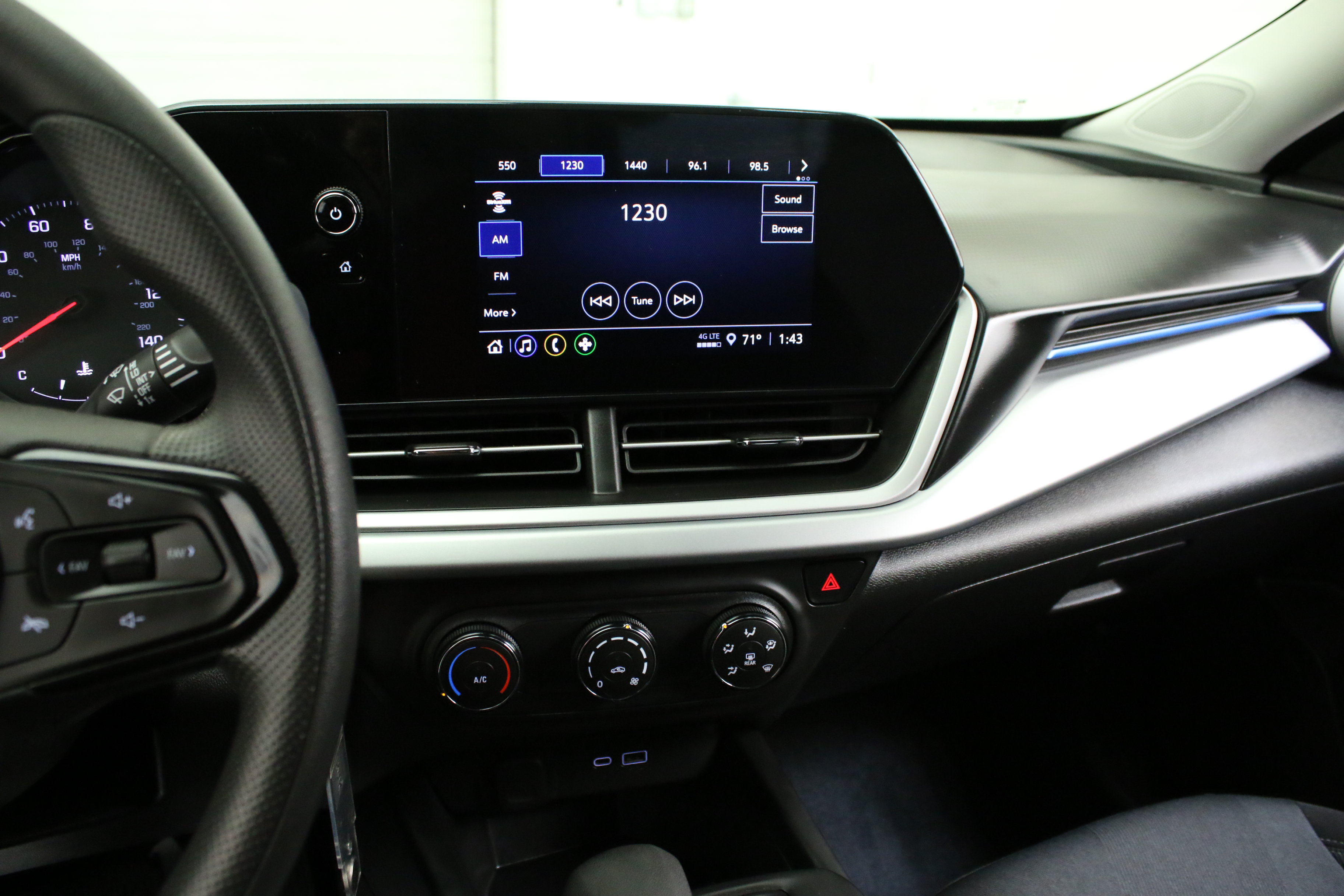 Used 2024 Chevrolet Trax LS FWD image 18
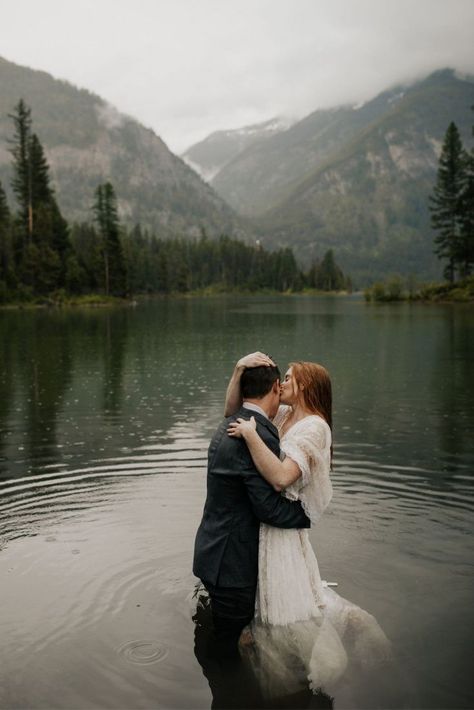 This couple had a change of wedding plans due to the pandemic. Instead they hiked in the rain where they got engaged and exchanged vows at a waterfall. Photo by Jaci Vigil Photography Wallowa Lake Wedding, Waterfall Wedding Photos, Unique Wedding Venue Ideas, Affordable Destination Wedding Locations, Bali Photoshoot, Affordable Destination Wedding, Best Destination Wedding Locations, Waterfall Elopement, Rain Wedding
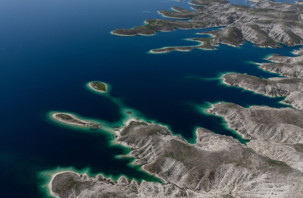 Atatürk Barajı'nda baharla birlikte kartpostallık görüntüler oluştu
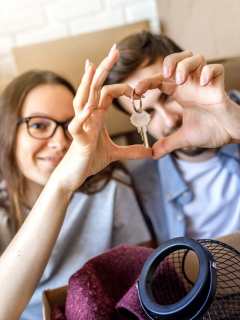 Imagen de pareja estrenando casa para ilustrar nota sobre los nuevos proyectos de vivienda de interés social de compensar
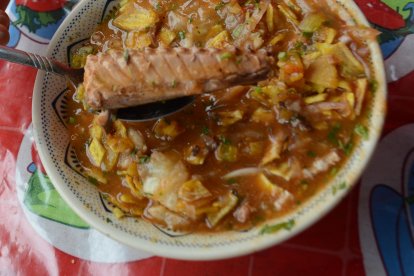 Hay quienes acompañan este plato con pan, otros lo hacen con chifle, al igual que en el encebollado de albacora.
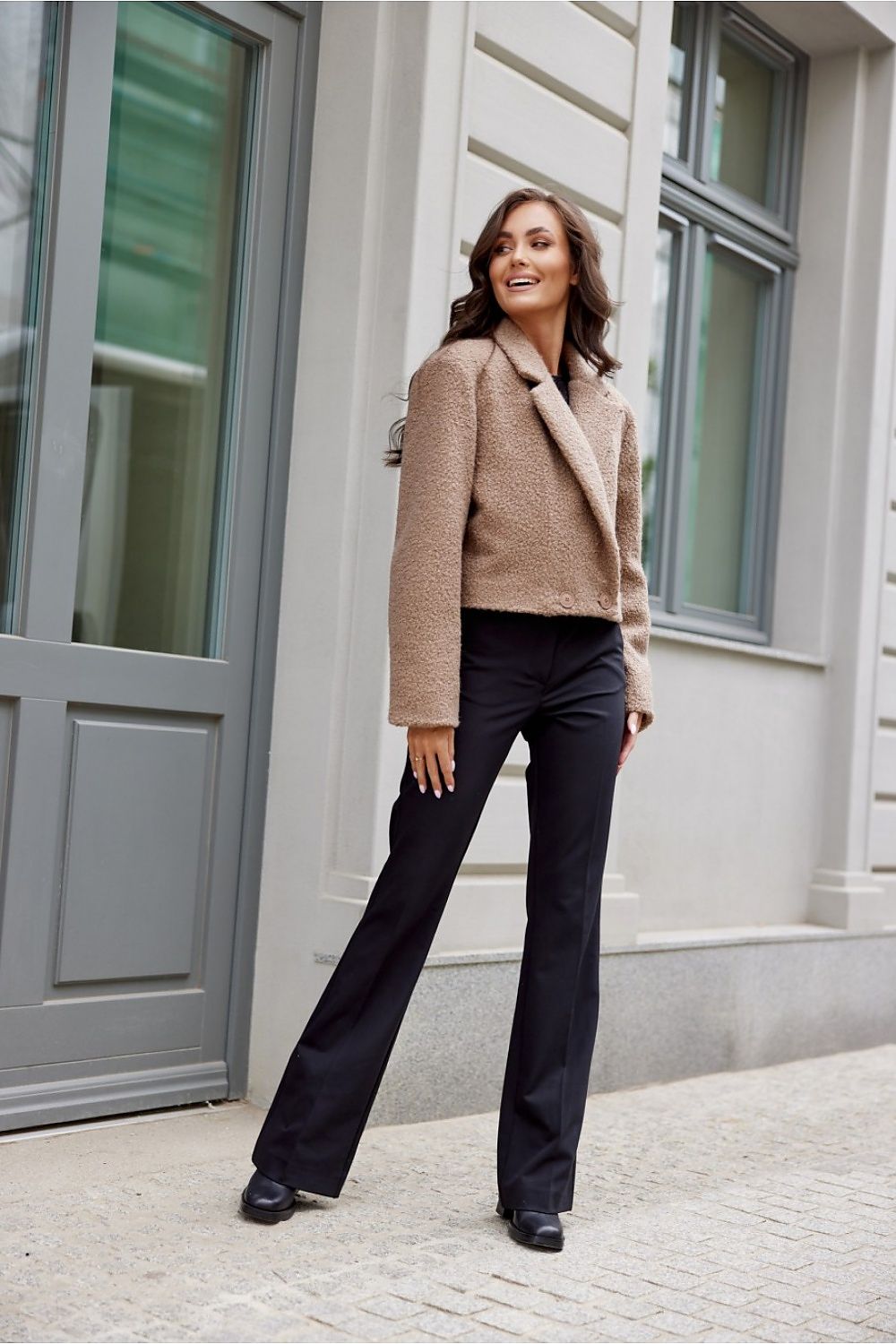 Cropped & Casual Autumn Jacket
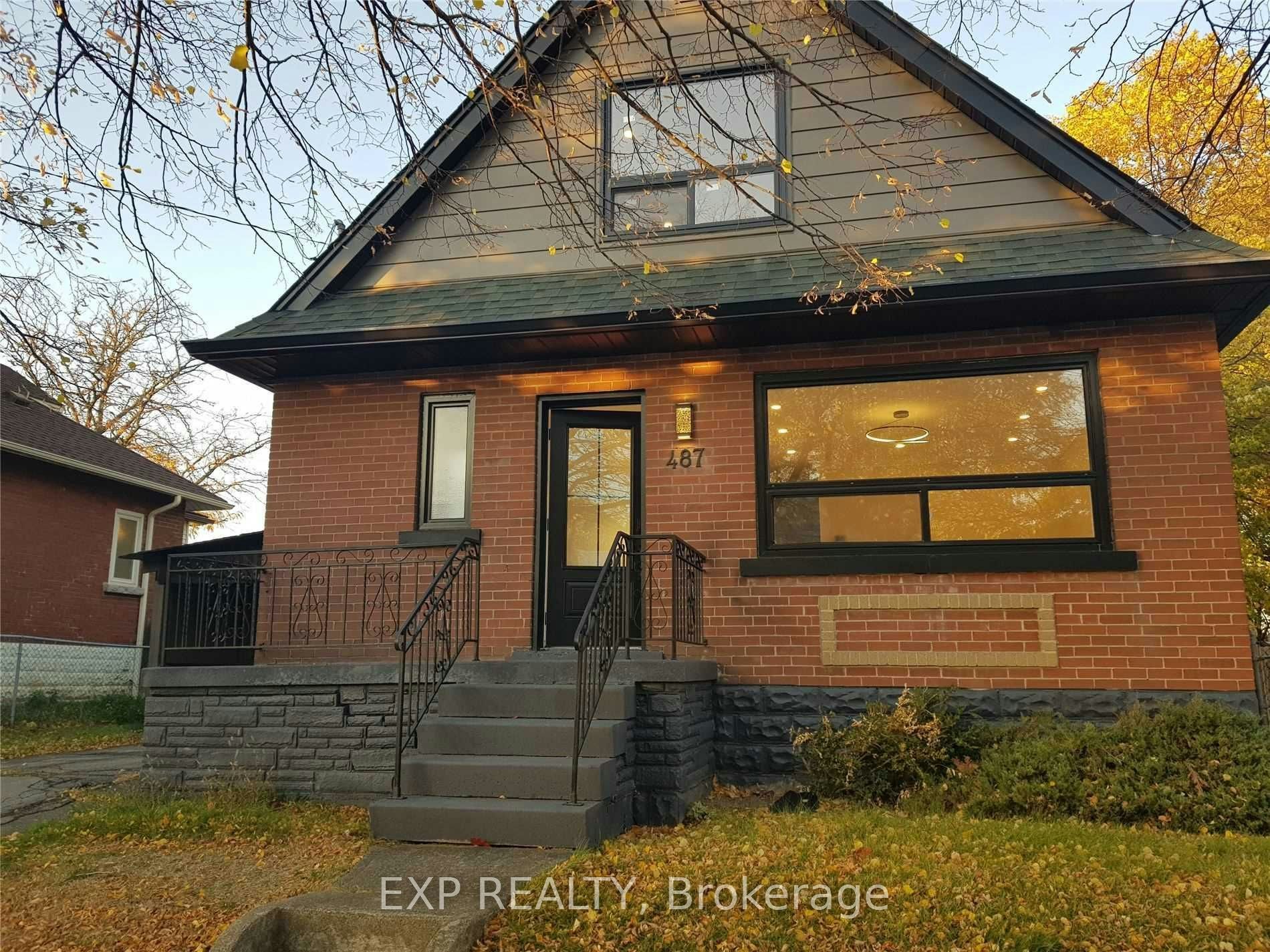 Upper-487 Brucedale Avenue E, Hamilton, ON, L8V 1P1 - 2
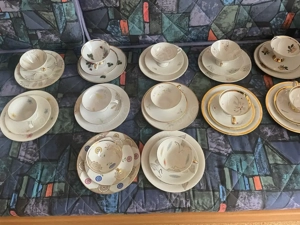 Sammeltassen Porzellan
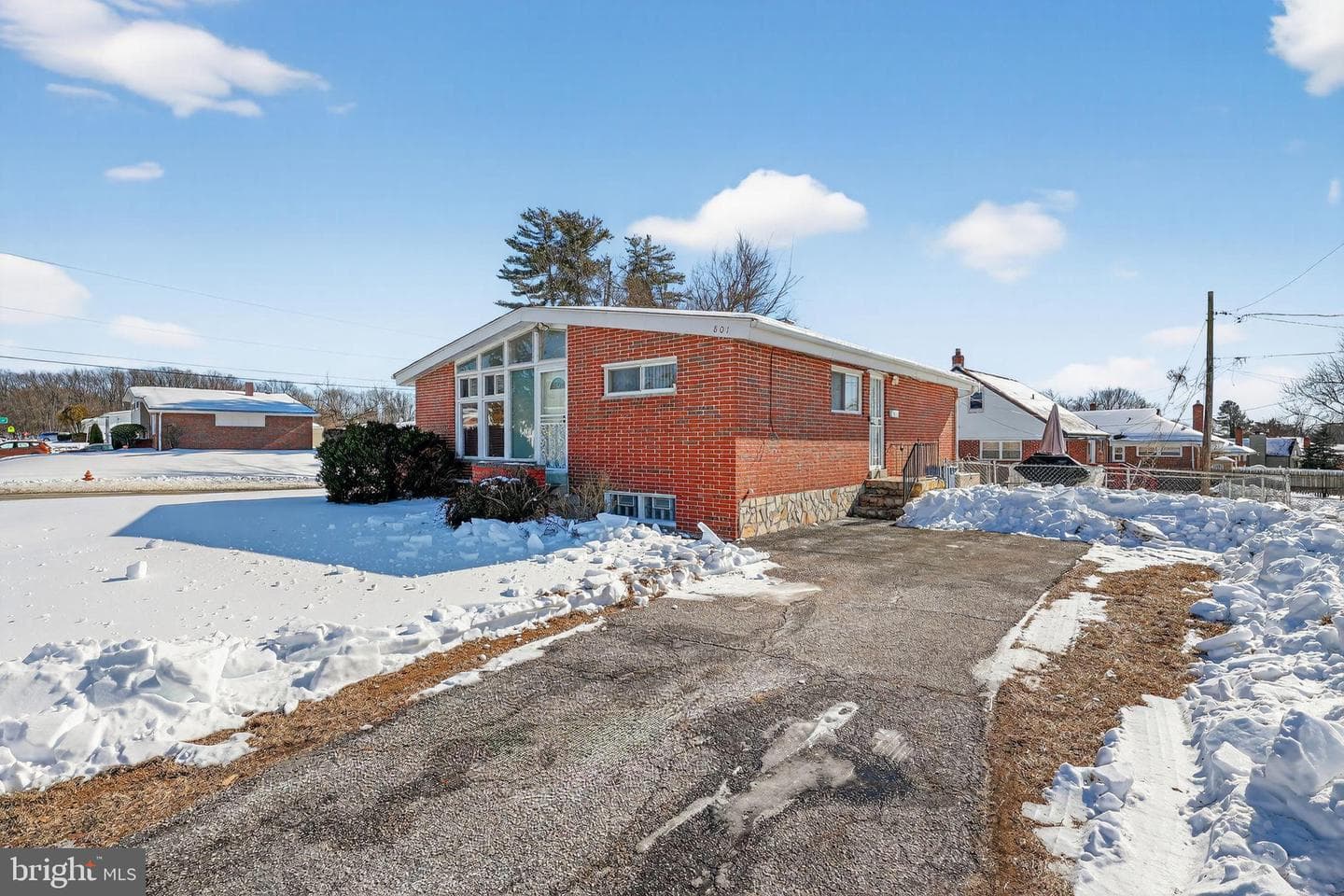 801 Sturgis Place photo 3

------------------------------------------------------------

Without any pictures, repeat the listing exactly.

 Used 2024 Chevrolet Trax LS FWD image 18
 This couple had a change of wedding plans due to the pandemic. Instead they hiked in the rain where they got engaged and exchanged vows at a waterfall. Photo by Jaci Vigil Photography Wallowa Lake Wedding, Waterfall Wedding Photos, Unique Wedding Venue Ideas, Affordable Destination Wedding Locations, Bali Photoshoot, Affordable Destination Wedding, Best Destination Wedding Locations, Waterfall Elopement, Rain Wedding
 Atatürk Barajı'nda baharla birlikte kartpostallık görüntüler oluştu
 Imagen de pareja estrenando casa para ilustrar nota sobre los nuevos proyectos de vivienda de interés social de compensar
 Hay quienes acompañan este plato con pan, otros lo hacen con chifle, al igual que en el encebollado de albacora.
 Cropped & Casual Autumn Jacket
 Upper-487 Brucedale Avenue E, Hamilton, ON, L8V 1P1 - 2
 Sammeltassen Porzellan
 801 Sturgis Place photo 3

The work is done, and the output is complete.